SEOUL -- A Hyundai Motor autoparts unit has withdrawn a restructuring plan that would give it effective control of the South Korean conglomerate, the supplier said Monday, after a small group of international investors criticized the terms as skewed toward the founding family.
But Hyundai Mobis canceled the May 29 meeting, saying that executing the plan would be difficult without sufficient trust and support from shareholders. A showdown was looming with a group of investors including U.S. activist fund Elliott Management, led by prominent American investor Paul Singer.
The group said the move was meant to streamline the tangled circular shareholdings within South Korea's second-largest chaebol, or family-owned conglomerate, and improve competitiveness.
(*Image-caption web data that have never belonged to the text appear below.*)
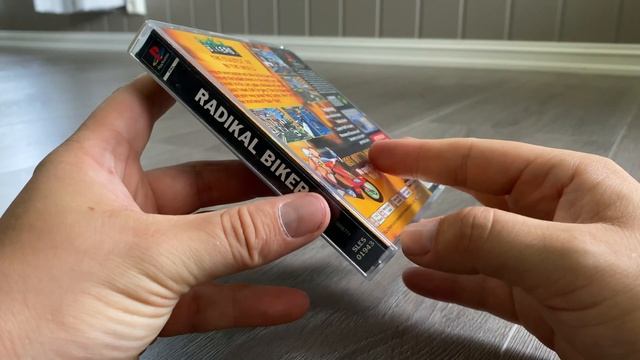 Radikal Bikers Unboxing ASMR - PlayStation 1 смотреть онлайн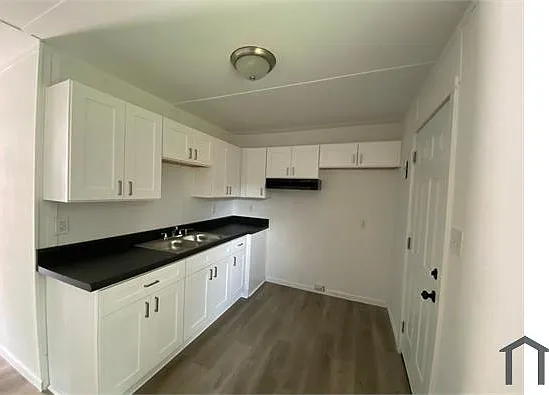 2 bed, 600 sqft, $895 — Photo 3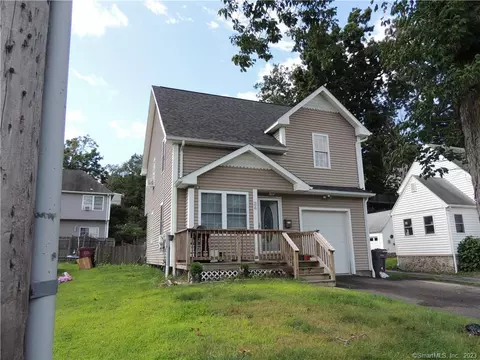 34 Nixon Ave, Naugatuck, CT 06770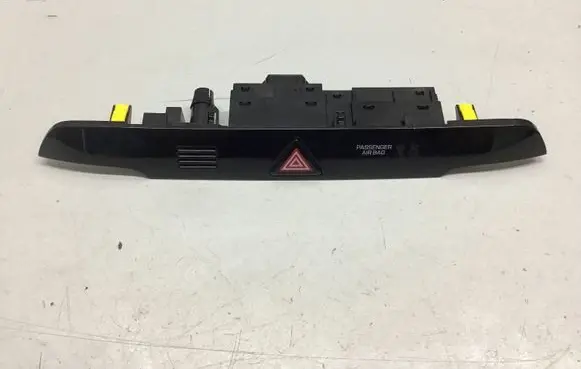 Hyundai Tucson TL Hazard light switch 93700D7800 3D136N1000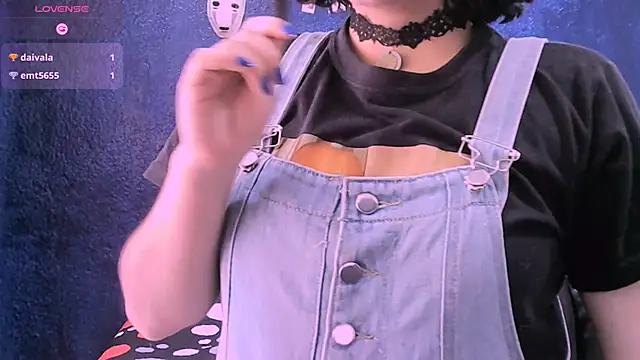 Snapshot of NinaYellow chatting on November 12, 2025, 2:10 pm NinaYellow online show from November 12, 2025, 2:10 pm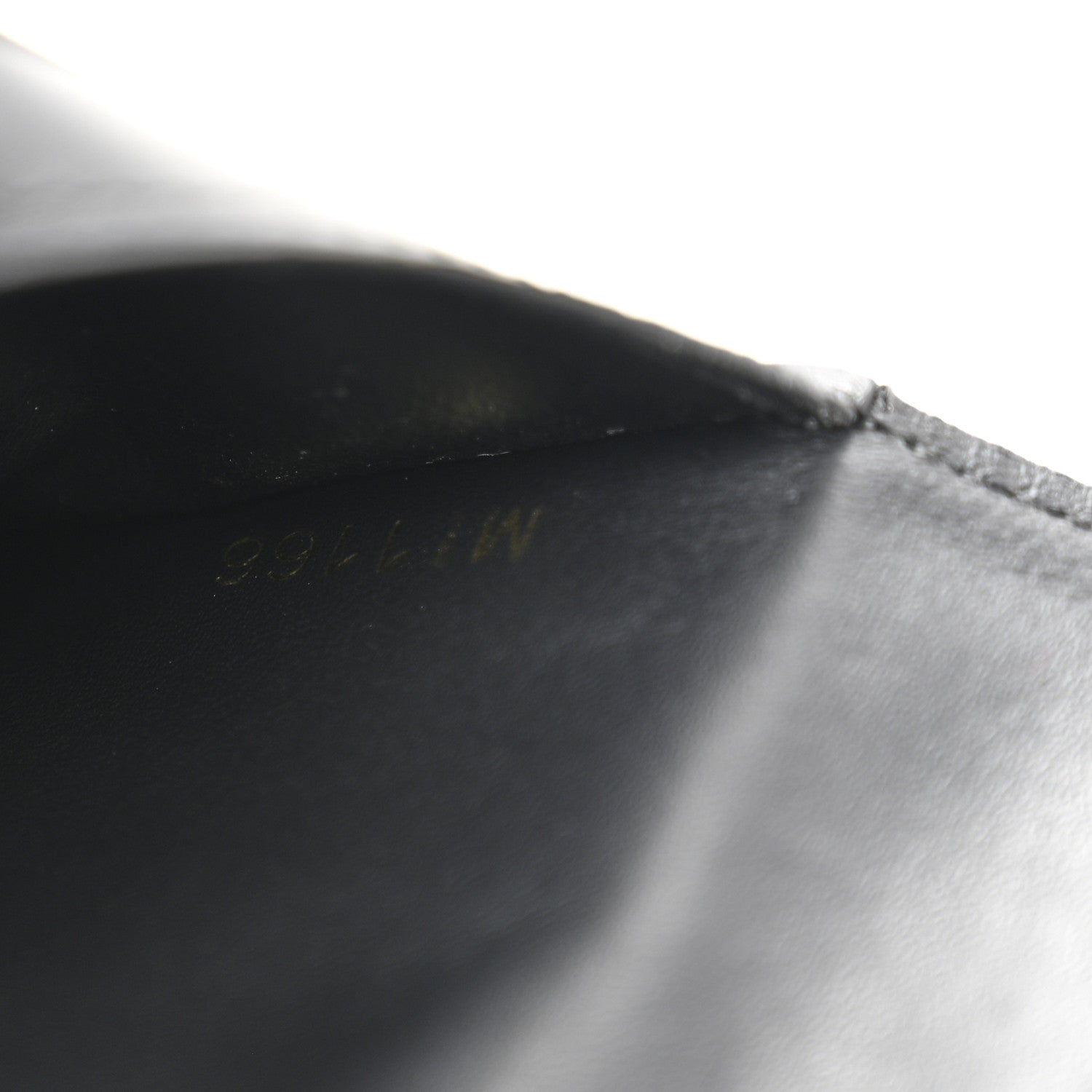 Calfskin City Steamer Wallet Black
The group also includes Kia Motors.
The plan drew support from South Korea's Fair Trade Commission, which is pressing these conglomerates to change their opaque, insular ways amid rising political pressure on big business.
But Elliott said the proposed transaction had no clear logic or benefits for minority shareholders. The U.S. fund had proposed its own overhaul of the Hyundai group.
"The unwinding of the current circular shareholding by itself is not enough for the group to declare the restructuring a corporate governance improvement, especially if the transaction is not supported by sound business rationale," Elliott said in a statement last month, when the fund disclosed a more than $1 billion investment in the group.